For the median ($m$), there is a simple formula that it falls within the range of a random sample of size $n$ from a continuous distribution: $$ \mathbb{P}(X_{(1)} \leqslant m \leqslant X_{(n)}) = 2^{1-n} \left(\text{$\unicode{0008}$2}^{n-1}-1\right) $$
Question: Is there anything that can be said for the population (arithmetic) mean for a general continuous distribution with a finite mean?
The probability can be arbitrarily low even if we restrict ourselves to reasonably well behaved distributions (all moments finite, Gaussian tails).
Formally, let's take any $n > 0$ and $0 < p < 1$, we will try to find a distribution where a sample of size $n$ has probability at most $p$ to cover expected value. Take the random variables:
$$ A_1 \sim N(0, 1) \\ B_2 \sim N(m, 1) $$
and have random variable $X$ be a mixture of $A$ with some probability $s$ and $B$ with probability $1 - s$. Now $E(X) = (1 - s)m$ and
$$ \begin{aligned} P(X > E(X)) =\ &sP(A > (1 - s)m) + (1 - s)P(B > (1 - s)m) < \\ &sP(A > (1 - s)m) + (1-s)\frac{1}{2} \end{aligned} $$
And
$$ P(\text{sample of size }n\text{ covers } E(X)) < 1 - P(X < E(X))^n = 1 - (1 - P(X > E(X)))^n $$
By moving $s \to 1$ we can make $\frac{1 - s}{2}$ arbitrarily small and given this $s$, we can increase $m$ to make $sP(A > E(X))$ arbitrarily small so we can make $P(X > E(X))$ arbitrarily small and hence also make $1 - (1 - P(X > E(X)))^n < p$
A useful example to ponder is the lognormal, all of whose moments are finite.
We can (i) focus on the right tail, (ii) take $\mu=0$ without loss of generality, and (iii) work with the logs.
Consider, for $n$ i.i.d. variables $\sim N(0,\sigma^2)$, the probability $P(X_{(n)}<\frac12\sigma^2\,) \, $.
This is the same event as the largest order statistic of the corresponding lognormal being below its population mean, but taken to the log scale.
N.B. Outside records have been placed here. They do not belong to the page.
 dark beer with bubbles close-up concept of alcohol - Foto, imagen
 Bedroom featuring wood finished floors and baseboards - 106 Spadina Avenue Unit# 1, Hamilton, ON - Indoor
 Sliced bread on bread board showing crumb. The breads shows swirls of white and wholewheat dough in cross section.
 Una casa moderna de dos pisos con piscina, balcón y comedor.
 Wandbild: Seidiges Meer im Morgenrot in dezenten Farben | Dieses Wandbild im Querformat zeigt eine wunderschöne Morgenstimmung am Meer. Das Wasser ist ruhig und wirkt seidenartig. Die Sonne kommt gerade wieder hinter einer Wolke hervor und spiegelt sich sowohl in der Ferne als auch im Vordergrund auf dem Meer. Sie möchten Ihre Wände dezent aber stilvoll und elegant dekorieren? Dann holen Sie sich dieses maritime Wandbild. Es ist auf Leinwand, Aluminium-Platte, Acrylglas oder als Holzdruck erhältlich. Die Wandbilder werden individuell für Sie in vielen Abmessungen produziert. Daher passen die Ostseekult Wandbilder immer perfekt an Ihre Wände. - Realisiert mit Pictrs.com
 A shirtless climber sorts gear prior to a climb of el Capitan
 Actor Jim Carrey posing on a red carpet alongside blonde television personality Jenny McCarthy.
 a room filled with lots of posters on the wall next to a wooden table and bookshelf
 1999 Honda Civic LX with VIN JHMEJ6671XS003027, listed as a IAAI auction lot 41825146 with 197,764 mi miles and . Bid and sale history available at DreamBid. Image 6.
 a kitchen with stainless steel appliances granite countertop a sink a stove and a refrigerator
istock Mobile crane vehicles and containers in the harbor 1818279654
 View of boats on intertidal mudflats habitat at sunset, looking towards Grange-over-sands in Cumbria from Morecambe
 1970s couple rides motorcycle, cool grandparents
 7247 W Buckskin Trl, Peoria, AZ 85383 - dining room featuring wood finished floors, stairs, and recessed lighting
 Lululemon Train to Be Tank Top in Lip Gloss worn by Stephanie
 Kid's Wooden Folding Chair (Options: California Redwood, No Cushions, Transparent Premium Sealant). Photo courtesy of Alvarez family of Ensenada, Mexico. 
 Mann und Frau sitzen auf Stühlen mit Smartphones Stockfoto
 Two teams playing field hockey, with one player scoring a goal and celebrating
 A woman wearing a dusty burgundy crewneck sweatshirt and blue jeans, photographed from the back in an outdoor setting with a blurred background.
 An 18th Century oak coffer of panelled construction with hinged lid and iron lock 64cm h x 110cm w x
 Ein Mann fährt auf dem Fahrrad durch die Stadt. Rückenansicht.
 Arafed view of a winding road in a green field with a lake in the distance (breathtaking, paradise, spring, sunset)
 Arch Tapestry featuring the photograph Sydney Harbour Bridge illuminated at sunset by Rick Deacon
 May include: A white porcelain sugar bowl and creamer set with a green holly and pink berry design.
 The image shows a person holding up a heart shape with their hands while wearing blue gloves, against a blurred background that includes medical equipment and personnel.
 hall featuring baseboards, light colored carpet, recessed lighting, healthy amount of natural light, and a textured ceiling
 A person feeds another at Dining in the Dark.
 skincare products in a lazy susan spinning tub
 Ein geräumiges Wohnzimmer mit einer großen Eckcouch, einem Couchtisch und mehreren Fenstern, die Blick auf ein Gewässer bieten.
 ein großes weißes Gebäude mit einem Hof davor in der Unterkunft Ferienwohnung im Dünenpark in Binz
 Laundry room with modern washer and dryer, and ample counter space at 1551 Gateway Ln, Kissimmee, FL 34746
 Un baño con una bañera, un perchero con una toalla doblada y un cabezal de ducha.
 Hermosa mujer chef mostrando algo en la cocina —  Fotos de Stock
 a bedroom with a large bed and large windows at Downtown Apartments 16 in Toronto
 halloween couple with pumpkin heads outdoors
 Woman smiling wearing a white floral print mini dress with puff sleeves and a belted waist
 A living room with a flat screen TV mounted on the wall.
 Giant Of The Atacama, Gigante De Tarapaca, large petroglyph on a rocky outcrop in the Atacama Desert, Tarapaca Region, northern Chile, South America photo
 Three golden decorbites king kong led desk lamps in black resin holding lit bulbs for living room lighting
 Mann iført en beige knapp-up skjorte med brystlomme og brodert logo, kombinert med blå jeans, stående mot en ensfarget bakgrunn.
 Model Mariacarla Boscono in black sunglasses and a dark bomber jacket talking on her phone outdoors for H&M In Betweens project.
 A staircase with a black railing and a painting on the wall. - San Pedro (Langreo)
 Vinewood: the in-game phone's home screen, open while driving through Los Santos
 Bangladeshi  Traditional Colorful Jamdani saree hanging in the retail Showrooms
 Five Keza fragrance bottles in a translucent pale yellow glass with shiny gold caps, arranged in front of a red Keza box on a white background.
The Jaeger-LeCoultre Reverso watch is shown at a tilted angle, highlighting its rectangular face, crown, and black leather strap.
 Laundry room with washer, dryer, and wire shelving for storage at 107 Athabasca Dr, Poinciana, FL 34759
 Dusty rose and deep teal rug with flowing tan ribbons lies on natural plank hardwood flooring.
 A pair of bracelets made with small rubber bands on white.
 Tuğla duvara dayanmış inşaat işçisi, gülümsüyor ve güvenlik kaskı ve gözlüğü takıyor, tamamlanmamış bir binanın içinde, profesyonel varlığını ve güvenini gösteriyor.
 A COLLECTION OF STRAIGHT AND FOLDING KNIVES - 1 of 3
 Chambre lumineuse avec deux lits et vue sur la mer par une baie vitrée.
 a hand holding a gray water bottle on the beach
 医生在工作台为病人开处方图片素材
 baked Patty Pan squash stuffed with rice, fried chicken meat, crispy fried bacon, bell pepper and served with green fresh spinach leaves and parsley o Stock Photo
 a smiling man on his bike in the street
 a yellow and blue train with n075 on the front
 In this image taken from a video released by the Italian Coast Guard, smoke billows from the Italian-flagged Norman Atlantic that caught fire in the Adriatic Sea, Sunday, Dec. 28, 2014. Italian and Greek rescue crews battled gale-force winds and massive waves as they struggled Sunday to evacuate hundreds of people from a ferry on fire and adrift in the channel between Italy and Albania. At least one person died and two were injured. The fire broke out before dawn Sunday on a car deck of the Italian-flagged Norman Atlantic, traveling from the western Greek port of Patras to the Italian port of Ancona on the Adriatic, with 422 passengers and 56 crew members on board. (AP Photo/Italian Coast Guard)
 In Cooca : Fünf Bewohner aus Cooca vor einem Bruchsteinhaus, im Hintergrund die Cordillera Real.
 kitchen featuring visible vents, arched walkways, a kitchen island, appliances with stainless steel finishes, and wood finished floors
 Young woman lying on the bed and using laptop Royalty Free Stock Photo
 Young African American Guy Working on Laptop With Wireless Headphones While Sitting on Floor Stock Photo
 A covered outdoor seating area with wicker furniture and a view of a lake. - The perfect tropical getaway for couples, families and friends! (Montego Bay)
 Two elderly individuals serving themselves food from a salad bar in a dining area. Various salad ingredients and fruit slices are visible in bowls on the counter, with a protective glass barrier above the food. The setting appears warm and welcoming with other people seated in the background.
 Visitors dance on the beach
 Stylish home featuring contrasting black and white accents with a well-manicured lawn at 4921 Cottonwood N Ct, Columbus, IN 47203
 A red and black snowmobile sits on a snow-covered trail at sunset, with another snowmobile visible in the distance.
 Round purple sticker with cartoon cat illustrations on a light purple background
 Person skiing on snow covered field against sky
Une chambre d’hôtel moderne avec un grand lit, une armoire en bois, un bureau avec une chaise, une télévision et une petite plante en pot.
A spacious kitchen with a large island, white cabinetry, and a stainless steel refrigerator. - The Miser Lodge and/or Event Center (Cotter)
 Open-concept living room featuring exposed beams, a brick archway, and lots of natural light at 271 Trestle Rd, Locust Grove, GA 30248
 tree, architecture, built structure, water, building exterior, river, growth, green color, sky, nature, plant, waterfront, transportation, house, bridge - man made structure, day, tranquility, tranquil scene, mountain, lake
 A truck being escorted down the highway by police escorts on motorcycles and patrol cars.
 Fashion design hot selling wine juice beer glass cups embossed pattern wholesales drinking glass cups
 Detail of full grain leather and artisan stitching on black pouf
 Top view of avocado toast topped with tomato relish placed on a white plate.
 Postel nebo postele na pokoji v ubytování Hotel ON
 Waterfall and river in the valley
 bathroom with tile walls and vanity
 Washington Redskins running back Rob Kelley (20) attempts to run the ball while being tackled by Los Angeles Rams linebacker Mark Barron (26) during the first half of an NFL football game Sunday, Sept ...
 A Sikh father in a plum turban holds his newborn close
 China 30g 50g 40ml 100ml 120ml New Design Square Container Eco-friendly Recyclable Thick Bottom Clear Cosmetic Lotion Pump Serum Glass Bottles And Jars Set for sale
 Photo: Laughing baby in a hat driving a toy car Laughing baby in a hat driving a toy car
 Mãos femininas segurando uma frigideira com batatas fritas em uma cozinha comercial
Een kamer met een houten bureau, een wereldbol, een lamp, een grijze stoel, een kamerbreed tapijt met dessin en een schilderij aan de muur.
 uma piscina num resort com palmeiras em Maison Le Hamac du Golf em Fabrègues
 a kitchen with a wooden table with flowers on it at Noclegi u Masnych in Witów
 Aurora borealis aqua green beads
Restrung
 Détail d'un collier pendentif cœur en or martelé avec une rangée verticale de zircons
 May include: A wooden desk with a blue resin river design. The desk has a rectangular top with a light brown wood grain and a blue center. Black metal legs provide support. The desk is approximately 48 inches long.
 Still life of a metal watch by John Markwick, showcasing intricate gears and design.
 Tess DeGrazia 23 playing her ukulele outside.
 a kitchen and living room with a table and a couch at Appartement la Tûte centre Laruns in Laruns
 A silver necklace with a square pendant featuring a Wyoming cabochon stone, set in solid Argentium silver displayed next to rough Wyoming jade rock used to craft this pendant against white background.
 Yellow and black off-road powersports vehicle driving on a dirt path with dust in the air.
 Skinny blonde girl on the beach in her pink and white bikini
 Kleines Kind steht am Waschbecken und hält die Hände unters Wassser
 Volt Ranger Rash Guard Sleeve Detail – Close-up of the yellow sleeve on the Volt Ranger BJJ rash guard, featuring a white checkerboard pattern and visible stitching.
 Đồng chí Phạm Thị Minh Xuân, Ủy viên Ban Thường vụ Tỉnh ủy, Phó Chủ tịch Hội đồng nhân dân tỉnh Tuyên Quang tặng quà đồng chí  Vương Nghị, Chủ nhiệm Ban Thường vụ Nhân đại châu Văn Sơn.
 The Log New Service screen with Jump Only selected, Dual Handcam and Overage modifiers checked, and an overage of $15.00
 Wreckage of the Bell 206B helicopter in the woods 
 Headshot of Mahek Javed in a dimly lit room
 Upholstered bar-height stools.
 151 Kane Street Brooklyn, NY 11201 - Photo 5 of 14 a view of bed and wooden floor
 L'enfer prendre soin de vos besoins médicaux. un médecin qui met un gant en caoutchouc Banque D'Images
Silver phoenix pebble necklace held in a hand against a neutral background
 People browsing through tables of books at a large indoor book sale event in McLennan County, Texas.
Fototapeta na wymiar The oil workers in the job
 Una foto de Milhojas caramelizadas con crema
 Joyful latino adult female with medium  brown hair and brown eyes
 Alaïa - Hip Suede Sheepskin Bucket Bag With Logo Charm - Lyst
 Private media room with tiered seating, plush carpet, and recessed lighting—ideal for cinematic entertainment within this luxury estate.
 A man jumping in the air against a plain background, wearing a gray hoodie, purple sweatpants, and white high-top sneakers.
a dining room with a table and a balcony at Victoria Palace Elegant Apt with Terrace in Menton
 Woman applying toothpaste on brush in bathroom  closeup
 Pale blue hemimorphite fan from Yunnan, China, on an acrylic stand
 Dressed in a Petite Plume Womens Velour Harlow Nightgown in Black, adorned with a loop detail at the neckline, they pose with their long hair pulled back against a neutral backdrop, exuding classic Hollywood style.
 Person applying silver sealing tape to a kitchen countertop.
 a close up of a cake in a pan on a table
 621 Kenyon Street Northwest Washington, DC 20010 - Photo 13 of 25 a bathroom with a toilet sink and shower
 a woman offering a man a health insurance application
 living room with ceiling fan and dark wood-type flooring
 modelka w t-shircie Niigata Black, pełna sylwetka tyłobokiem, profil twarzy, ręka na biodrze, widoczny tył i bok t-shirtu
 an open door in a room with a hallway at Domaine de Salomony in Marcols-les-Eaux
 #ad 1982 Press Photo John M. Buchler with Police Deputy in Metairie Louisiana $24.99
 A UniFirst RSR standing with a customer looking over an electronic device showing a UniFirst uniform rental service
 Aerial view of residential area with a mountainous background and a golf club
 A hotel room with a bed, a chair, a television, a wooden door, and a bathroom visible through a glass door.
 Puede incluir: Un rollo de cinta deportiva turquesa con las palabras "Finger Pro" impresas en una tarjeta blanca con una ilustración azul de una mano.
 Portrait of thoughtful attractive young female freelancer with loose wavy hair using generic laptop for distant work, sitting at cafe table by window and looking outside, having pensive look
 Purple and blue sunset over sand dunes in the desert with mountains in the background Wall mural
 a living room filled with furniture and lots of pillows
The probability that the sample range doesn't include the population mean will be strictly larger than this.
The location of the distribution of $X_{(n)}$ grows slowly with $n$ (roughly like the log), and has a scale also involving $n$ (slowly getting smaller rather than larger), but here we fix $n$ so we won't need to worry about its properties in terms of $n$. The location and scale of the distribution of $X_{(n)}$ are proportional to $\sigma$. Consequently, for any $ε>0$, at any given $n$, you can make that probability given above larger than $1−ε$ by taking sufficiently large $\sigma$.
A quick illustrative example in R:
nsim=100000;sig=9;n=100;logmean=sig^2/2 mean(replicate(nsim,max(rnorm(n,0,sig))<logmean)) [1] 0.99969 For that $\sigma$ and $n$, almost 100% of lognormal sample ranges don't include the lognormal's mean. The corresponding lognormal distribution is really skew and heavy-tailed*, but we're working on the log scale here, so conveniently we don't have to worry much about generating numbers that are too large.
* e.g. for large $\sigma$ the third moment-based skewness goes like ~$\exp( \frac{3}{2} \sigma^2)$ (in the sense that the ratio of the skewness to this approximation becomes close to 1), so this skewness would be very roughly on the order of $10^{52}$ (similarly the kurtosis is on the order of about $10^{140}$), where 'roughly' and 'about' with 'on the order of' refers to the exponent being about the right size.